◆ **What needs to be done**
From the listing below, select every line where the word "Angeles" appears.
-------- Material provided
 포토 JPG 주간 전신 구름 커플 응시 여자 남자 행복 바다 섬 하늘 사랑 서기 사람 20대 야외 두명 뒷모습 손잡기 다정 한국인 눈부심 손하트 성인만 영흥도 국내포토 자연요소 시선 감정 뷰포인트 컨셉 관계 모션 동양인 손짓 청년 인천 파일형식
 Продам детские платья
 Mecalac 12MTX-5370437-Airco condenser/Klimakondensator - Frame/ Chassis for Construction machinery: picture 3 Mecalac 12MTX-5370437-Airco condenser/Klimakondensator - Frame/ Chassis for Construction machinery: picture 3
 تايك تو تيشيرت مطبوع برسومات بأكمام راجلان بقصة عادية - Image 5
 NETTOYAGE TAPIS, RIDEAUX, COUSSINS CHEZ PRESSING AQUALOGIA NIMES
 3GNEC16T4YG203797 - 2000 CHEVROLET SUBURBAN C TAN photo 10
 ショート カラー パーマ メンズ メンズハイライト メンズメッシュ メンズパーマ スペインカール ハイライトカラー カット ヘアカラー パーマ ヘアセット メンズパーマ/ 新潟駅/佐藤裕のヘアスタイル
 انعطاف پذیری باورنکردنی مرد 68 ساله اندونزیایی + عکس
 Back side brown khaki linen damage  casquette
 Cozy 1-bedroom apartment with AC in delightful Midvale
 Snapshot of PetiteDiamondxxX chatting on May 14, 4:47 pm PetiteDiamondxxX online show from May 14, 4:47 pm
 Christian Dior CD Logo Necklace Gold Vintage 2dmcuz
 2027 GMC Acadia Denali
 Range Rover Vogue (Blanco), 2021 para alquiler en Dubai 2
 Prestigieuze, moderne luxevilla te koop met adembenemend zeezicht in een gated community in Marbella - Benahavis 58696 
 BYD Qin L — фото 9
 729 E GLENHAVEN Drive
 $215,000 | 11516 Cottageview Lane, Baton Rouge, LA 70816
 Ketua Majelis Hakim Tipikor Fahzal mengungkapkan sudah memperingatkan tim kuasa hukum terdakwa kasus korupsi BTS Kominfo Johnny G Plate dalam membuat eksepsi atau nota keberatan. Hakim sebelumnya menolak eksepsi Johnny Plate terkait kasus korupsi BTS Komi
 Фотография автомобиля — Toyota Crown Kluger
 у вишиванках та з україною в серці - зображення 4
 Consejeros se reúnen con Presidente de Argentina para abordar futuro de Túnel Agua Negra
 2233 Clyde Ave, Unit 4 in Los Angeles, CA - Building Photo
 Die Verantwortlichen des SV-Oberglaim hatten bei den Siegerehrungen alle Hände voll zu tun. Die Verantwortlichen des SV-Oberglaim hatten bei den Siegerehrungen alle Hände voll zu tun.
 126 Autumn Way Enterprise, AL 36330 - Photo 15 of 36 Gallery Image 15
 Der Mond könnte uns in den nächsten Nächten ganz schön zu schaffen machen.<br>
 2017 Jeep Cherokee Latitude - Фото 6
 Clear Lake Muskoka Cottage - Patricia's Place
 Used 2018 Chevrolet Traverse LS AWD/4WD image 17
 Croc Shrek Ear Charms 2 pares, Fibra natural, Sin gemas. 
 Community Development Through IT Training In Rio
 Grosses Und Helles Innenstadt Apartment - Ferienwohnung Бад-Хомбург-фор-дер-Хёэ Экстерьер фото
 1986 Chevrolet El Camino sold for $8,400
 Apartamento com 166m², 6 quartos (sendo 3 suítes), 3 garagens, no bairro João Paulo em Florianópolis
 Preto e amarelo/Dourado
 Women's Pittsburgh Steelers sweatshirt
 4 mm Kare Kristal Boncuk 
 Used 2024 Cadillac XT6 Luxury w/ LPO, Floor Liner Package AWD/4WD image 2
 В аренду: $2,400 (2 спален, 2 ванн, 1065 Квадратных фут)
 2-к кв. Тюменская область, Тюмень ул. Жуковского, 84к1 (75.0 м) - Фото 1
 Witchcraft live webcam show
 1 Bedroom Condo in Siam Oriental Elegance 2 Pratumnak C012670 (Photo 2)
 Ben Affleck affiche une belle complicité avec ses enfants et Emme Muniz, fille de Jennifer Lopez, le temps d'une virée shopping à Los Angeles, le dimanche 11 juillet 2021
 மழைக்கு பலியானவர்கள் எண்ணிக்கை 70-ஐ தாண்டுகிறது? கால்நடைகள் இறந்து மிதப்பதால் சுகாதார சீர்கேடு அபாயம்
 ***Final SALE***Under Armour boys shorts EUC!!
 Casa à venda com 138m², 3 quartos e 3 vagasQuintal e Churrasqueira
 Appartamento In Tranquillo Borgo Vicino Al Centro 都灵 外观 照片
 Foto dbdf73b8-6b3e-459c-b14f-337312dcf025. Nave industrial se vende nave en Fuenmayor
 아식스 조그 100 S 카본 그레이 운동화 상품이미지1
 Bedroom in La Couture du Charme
----------------
◆ **Output**
 2233 Clyde Ave, Unit 4 in Los Angeles, CA - Building Photo
 Ben Affleck affiche une belle complicité avec ses enfants et Emme Muniz, fille de Jennifer Lopez, le temps d'une virée shopping à Los Angeles, le dimanche 11 juillet 2021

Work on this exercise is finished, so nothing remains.